• [Activity]:
Look through the entries below and copy exactly the part that begins with the line containing "2026 Nissan Pathfinder SL - Photo 28" and ends with the line containing "Loja / Salão". Do not copy the pictures.

• [Material for this task]:
------------------------

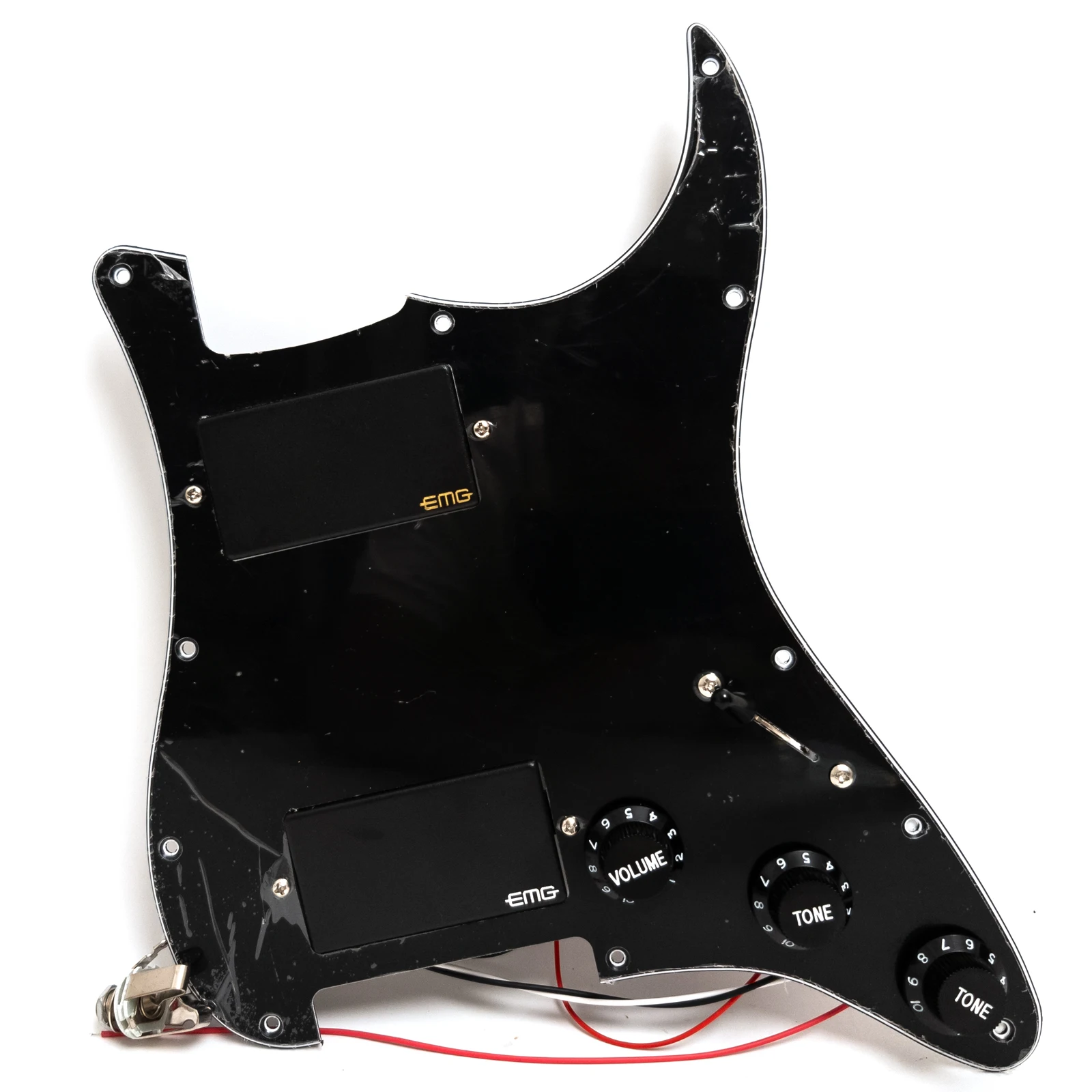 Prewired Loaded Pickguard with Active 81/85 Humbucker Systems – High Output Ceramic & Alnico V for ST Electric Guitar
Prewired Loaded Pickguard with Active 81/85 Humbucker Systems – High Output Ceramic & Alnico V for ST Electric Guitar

------------------------

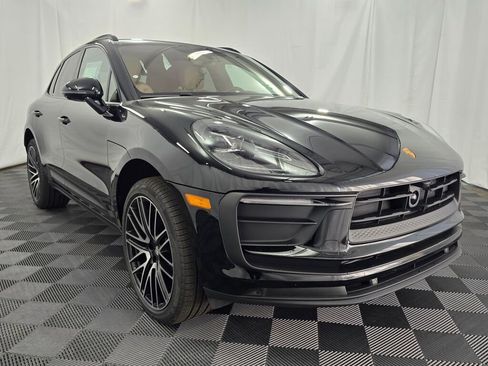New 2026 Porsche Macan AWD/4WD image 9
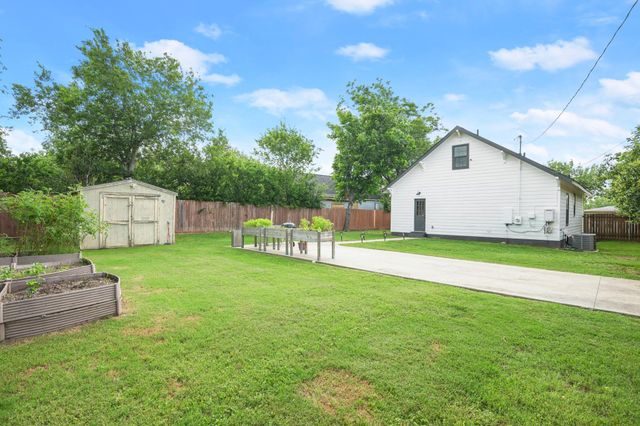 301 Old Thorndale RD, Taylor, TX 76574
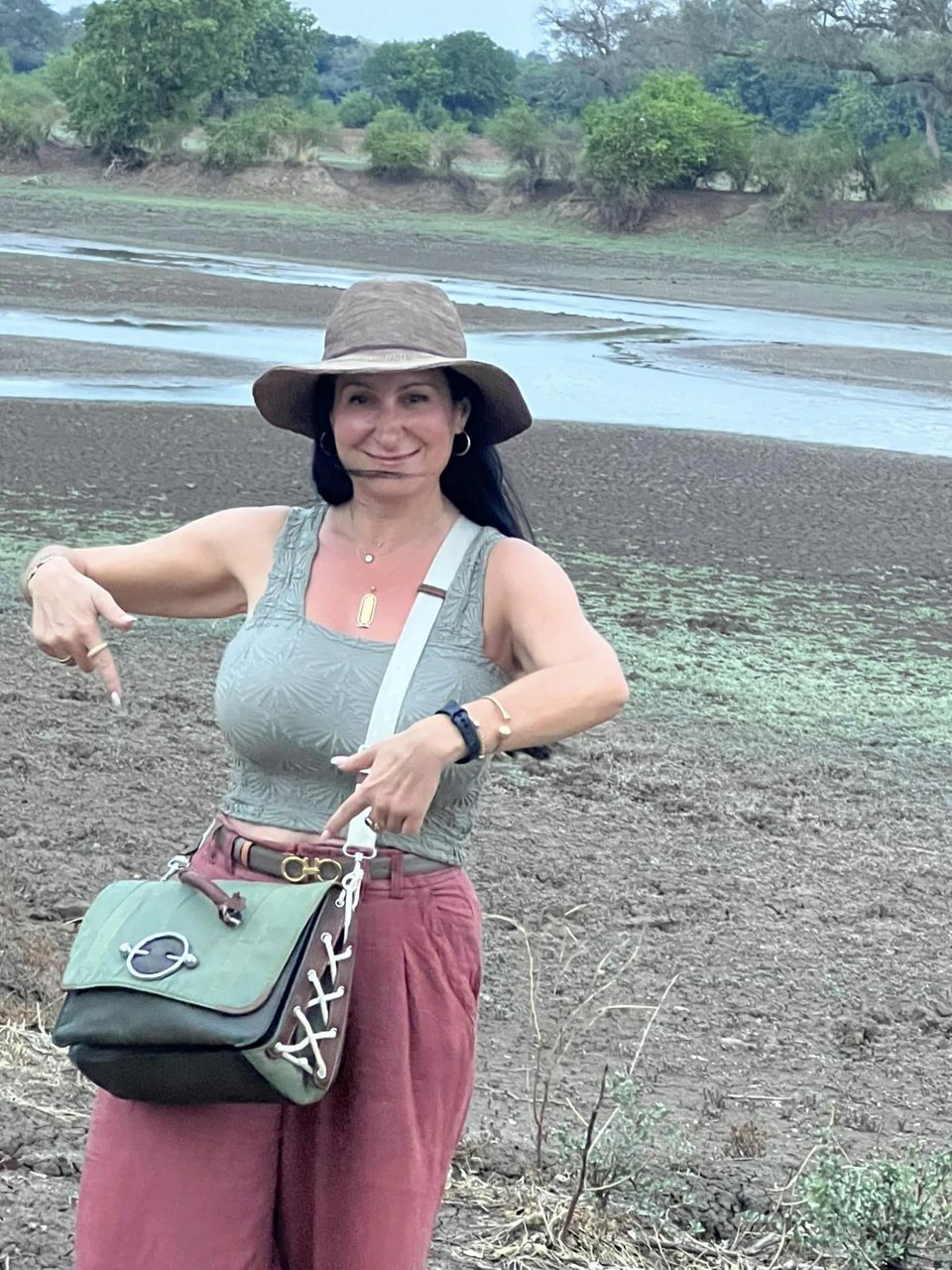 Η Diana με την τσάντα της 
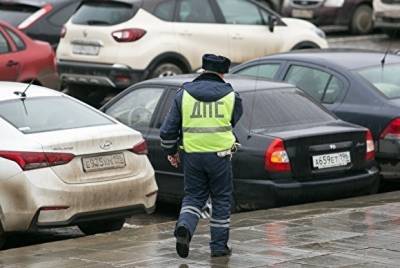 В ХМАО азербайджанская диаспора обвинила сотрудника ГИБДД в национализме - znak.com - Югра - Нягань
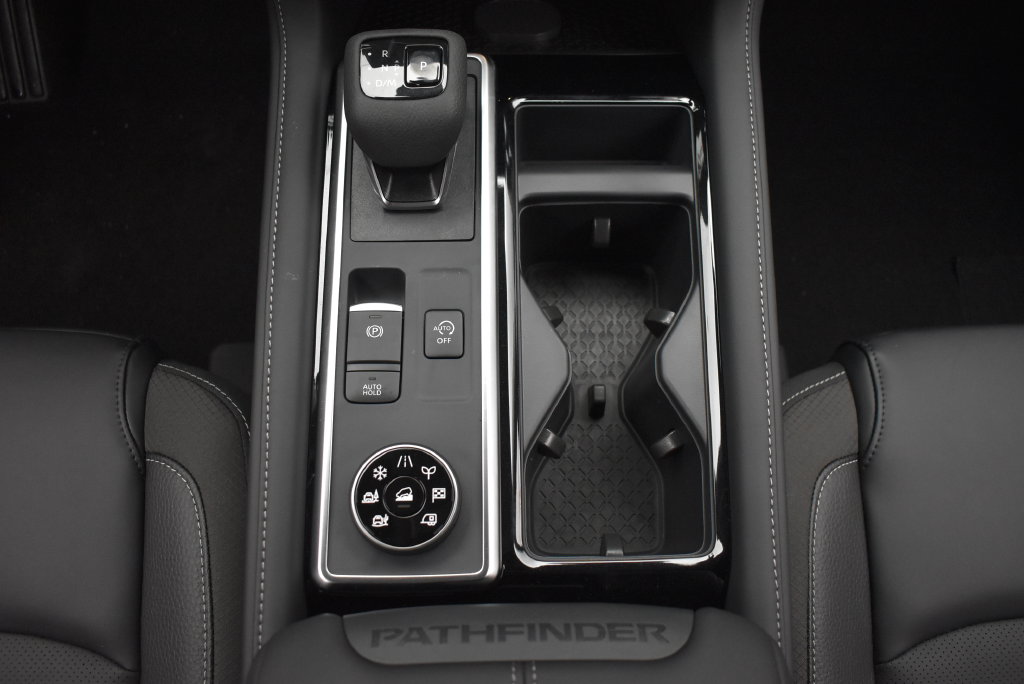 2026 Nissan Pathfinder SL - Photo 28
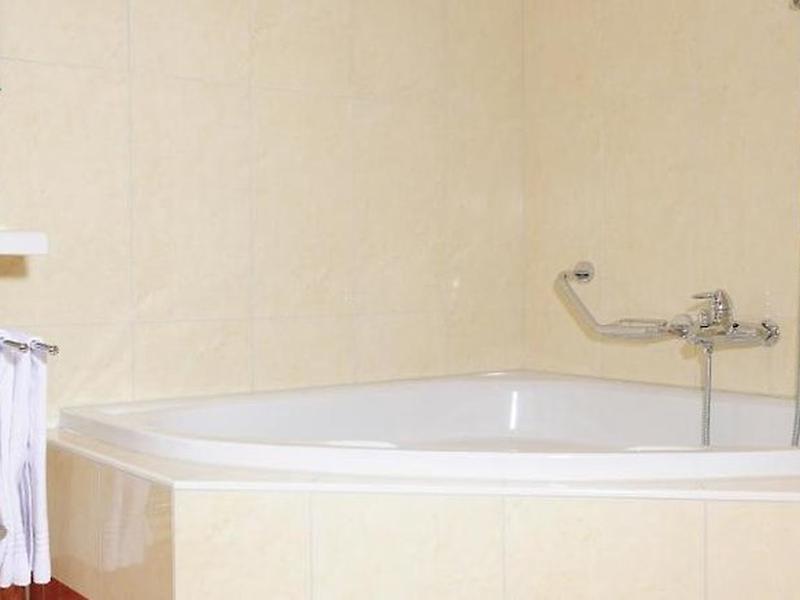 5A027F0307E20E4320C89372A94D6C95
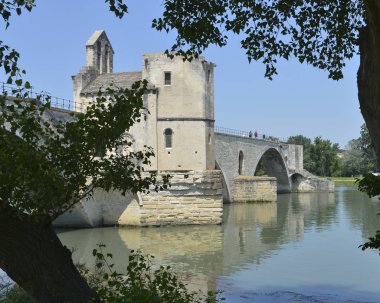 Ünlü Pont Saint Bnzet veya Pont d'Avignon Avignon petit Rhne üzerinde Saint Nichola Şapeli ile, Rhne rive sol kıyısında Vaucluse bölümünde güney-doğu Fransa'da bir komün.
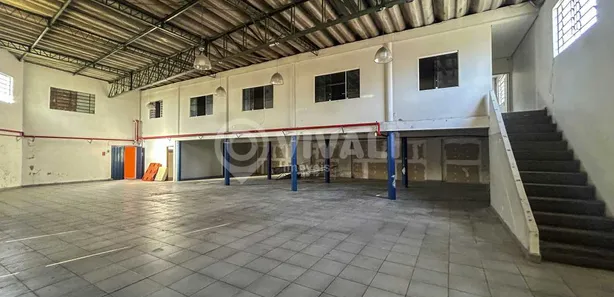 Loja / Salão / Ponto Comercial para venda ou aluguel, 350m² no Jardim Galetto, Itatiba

------------------------

• [Answer to the exercise]:
 2026 Nissan Pathfinder SL - Photo 28
 5A027F0307E20E4320C89372A94D6C95
 Ünlü Pont Saint Bnzet veya Pont d'Avignon Avignon petit Rhne üzerinde Saint Nichola Şapeli ile, Rhne rive sol kıyısında Vaucluse bölümünde güney-doğu Fransa'da bir komün.
 Loja / Salão / Ponto Comercial para venda ou aluguel, 350m² no Jardim Galetto, Itatiba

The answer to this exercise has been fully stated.